Libération 11 mai 2011
Le ministre français de la Coopération, Henri de Raincourt, s’est attiré les critiques de plusieurs ONG de défense des droits de l’homme, dont Amnesty International et Human Rights Watch.
Elles lui reprochent sa présence, dimanche à Djibouti, aux côtés du président soudanais Omar el-Béchir, lors de la cérémonie d’investiture du Djiboutien Omar Guelleh. Or, El-Béchir est visé par un mandat d’arrêt de la Cour pénale internationale pour «génocide» au Darfour. Les ONG, dont la Fédération internationale des droits de l’homme, ont fustigé la «présence indécente d’un ministre de la République française» aux côtés du président soudanais.
Quand un ministre français croise le Soudanais Al-Béchir
Erreur d’anticipation de la diplomatie française ? Piège tendu par les autorités de Djibouti ? Ou bien calcul de Paris donnant la priorité à des considérations géopolitiques plutôt qu’à la justice internationale, en espérant que l’affaire passerait inaperçue ?
Toutes ces questions se bousculaient au lendemain d’un épisode particulièrement gênant pour la France : la présence, dimanche 8 mai, du président du Soudan, Omar Al-Béchir – recherché par la Cour pénale internationale (CPI) pour » génocide » au Darfour – à la cérémonie d’investiture du président de Djibouti, à laquelle assistait le ministre français à la coopération, Henri de Raincourt.
La diplomatie française affirme avoir été prise de court. » La présence de M. Béchir n’était pas connue à l’avance, affirme le porte-parole du Quai d’Orsay, Bernard Valéro. Nous regrettons sa présence à Djibouti pour les cérémonies d’investiture. Si nous l’avions su, nous aurions entrepris, à titre national ainsi qu’avec nos partenaires, des démarches auprès des autorités djiboutiennes pour les dissuader d’une telle initiative. » L’entourage de M. de Raincourt souligne qu’il n’a eu » aucun contact « avec le président soudanais.
Djibouti, qui abrite la plus grosse base militaire française en Afrique, est un Etat-partie à la CPI et endosse, à ce titre, l’obligation juridique d’arrêter sur son territoire le président Omar Al-Béchir.

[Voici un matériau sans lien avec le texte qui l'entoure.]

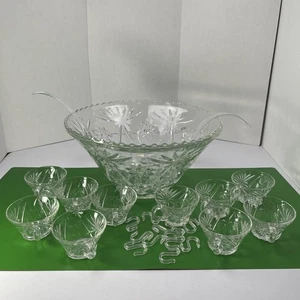 VTG Clear Glass Punch Bowl Set Scalloped Edge 10 Punch Cups & Hangers & 2 Ladles - Picture 1 of 15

En se faisant représenter à un niveau gouvernemental lors d’une cérémonie à laquelle assistait un chef d’Etat poursuivi pour des crimes de la plus haute gravité, la France a-t-elle enfreint ses obligations au regard des statuts de la CPI, juridiction qu’elle est censée défendre et dont elle avait demandé la saisine, précisément sur le Darfour, en 2005 ?
Pour les organisations de défense des droits de l’homme, cela ne fait aucun doute. » La France, dont la présence et l’influence à Djibouti sont considérables, aurait dû s’opposer publiquement à la venue d’Omar Al-Béchir et appeler les autorités de Djibouti à l’arrêter « , commente Souhayr Belhassen, de la Fédération internationale des ligues des droits de l’homme.
» L’accueil du président soudanais à Djibouti est un affront aux victimes des crimes terribles » au Darfour, estime Francis Perrin, d’Amnesty international. Alors que la France a été en pointe pour défendre une action de la justice internationale sur la Libye et la Côte d’Ivoire, ce » dérapage » à Djibouti laisse perplexes les militants de la lutte contre l’impunité. » Une présence officielle de la France aurait dû être évitée au maximum « , souligne Jean-Marie Fardeau, de Human Rights Watch.
Il s’agit du troisième déplacement d’Omar Al-Béchir dans un pays d’Afrique, partie à la CPI, après ses voyages au Tchad et au Kenya en 2010. Fin janvier 2011, le président Nicolas Sarkozy avait participé en Ethiopie à un sommet de l’Union africaine. Omar Al-Béchir était présent dans l’assistance.